### Required work
Copy every line of the listing that holds the string "Used".

--- Information supplied Enclosed Below ---

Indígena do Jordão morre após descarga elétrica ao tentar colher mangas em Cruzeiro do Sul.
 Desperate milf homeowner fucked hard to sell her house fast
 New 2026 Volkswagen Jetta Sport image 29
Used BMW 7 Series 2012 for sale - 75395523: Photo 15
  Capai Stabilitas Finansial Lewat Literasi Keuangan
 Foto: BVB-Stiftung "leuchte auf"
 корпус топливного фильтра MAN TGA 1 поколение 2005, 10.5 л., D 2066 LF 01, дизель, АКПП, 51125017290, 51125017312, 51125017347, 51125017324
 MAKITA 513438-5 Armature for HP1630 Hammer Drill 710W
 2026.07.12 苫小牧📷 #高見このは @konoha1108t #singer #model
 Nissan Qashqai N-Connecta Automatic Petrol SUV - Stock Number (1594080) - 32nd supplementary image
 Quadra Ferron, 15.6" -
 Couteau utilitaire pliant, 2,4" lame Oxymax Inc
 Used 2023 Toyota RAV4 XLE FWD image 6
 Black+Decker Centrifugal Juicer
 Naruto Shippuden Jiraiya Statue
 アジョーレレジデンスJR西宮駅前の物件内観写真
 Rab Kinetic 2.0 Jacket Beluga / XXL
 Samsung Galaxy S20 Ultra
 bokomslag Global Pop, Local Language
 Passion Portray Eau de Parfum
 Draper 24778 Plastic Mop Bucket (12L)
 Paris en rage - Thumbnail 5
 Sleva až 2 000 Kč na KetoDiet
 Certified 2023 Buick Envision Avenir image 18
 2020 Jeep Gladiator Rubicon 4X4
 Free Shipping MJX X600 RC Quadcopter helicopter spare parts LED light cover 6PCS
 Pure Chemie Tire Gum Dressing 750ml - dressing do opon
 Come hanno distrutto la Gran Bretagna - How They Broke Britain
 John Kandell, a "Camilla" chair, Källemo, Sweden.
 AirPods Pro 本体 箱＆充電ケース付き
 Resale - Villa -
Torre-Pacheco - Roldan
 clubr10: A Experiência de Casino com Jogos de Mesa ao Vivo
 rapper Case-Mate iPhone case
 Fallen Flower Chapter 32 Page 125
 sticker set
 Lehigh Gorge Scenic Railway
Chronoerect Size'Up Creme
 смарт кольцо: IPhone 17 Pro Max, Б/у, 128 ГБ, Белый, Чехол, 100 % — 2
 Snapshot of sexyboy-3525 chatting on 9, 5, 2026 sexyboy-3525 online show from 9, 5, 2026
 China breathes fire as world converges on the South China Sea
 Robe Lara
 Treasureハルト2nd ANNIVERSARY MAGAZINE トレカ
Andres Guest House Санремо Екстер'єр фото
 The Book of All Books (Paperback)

--- End of Enclosed Information supplied ---

### Answer section
Used BMW 7 Series 2012 for sale - 75395523: Photo 15
 Used 2023 Toyota RAV4 XLE FWD image 6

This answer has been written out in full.